Below are foods that are high in fiber, which are beneficial for overall health in general and aid in weight loss.
Butter
Fiber-rich foods like avocados can help prevent weight gain over time and reduce the risk of heart disease and LDL cholesterol. Avocados are also low in carbohydrates and high in healthy fats, making them a great choice for those on a low-carb diet.
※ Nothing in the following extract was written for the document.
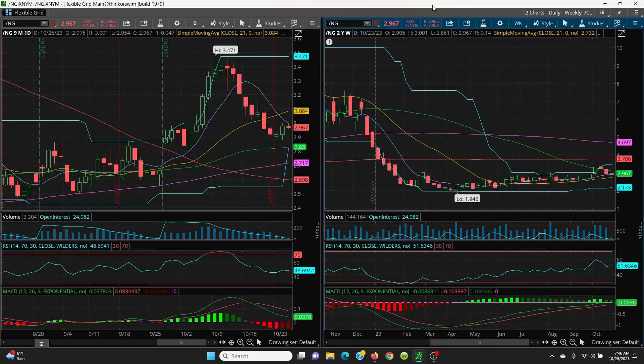We'll see if there's any weather or disruption to take natural gas a little bit higher. If not, we know what the support levels are and we'll watch that key 50 SMA. I'll have more for you on crude and natural gas after the pit close — thanks for watching.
A 200g avocado contains about 13.5g of fiber, which is almost 50% of your daily fiber needs. Avocados can be added to salads, mashed into a high-fiber mayonnaise, or eaten with bread.
Raspberry
In addition to fiber and vitamins, raspberries are a rich source of antioxidants, which help protect cells from damage. Research has shown that foods rich in antioxidants may help reduce the risk of heart disease and cancer.
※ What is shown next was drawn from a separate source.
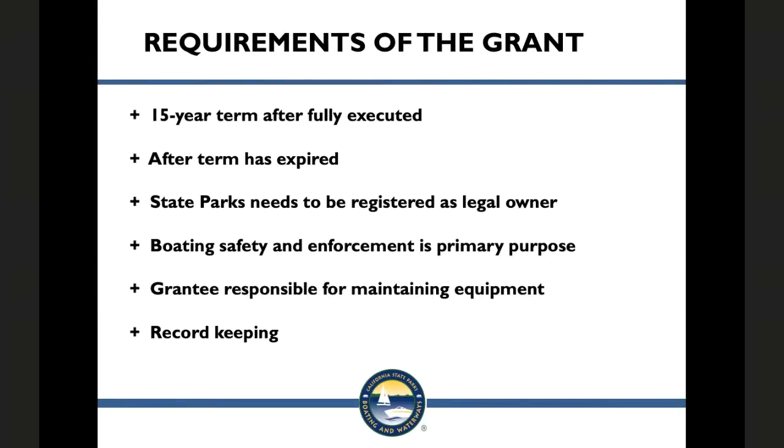The department or state parks shall be the legal owner of all registered vessels, including patrol boats, rigid inflatable boats, personal watercraft, and trailers. The primary purpose of the equipment shall be for boating safety and law enforcement, but may be used for search and rescue. You, as the grantee, are responsible for the cost of operating and maintaining all equipment and keeping it in good repair.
A 200g serving of raspberries contains around 8g of equivalent fibre. Raspberries can be used in smoothies and shakes, and as a fibre-rich topping for oats and cereals.
Black beans
With about 15.2g of protein and 15g of fiber per serving, black beans are a nutritious food. The fiber in black beans can promote healthy bowel movements and prevent diseases such as colitis.
Black beans can be used in salads and baked goods, or mashed black beans can be used to increase the fiber and protein content of baked goods.
Whole grain oats
Whole oats contain 5 grams of fiber per 1/4 cup (just over 50 grams), which is double the amount of fiber found in the same serving of rolled oats. They also contain more protein than rolled oats, making whole oats a good choice for weight loss.
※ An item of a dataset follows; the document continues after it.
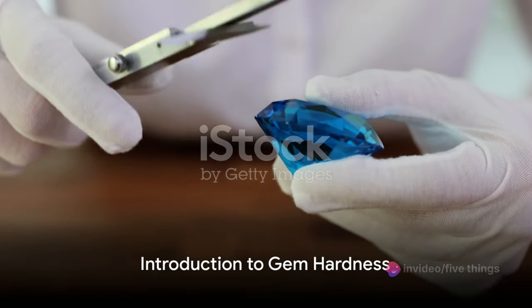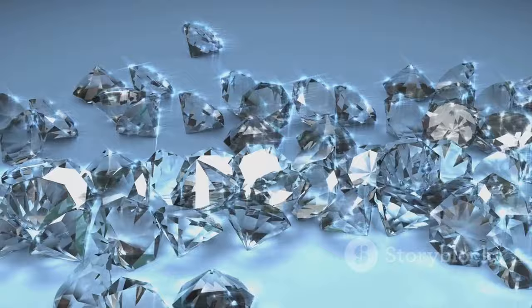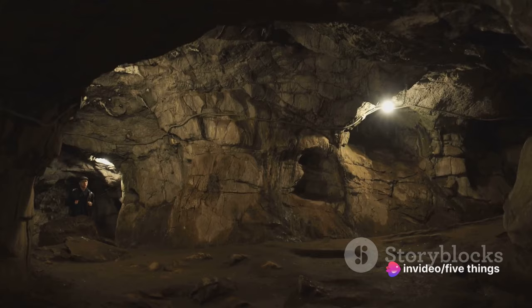Have you ever wondered how the hardness of gems is measured? It's not as straightforward as you might think. Enter the world of the Mohs scale, a fascinating tool that helps us rank these precious stones. Curious about the top five facts of this scale? Let's explore the fascinating world of gem hardness, shall we?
Whole oats have a chewier texture than rolled oats and can be used in a number of dishes, such as porridge, cereal bowls, and salads.
Boiled soybeans
A serving of boiled soybeans provides about 18.5g of protein and 8g of fiber. Choosing foods rich in satiety nutrients like protein and fiber can help you achieve and maintain a healthy weight.
Boiled soybeans are also a rich source of vitamins and minerals such as magnesium and potassium - which are essential for regulating blood pressure and may also help reduce the risk of heart disease.
Boiled soybeans can be enjoyed as a simple snack or added to dishes like salads and soups.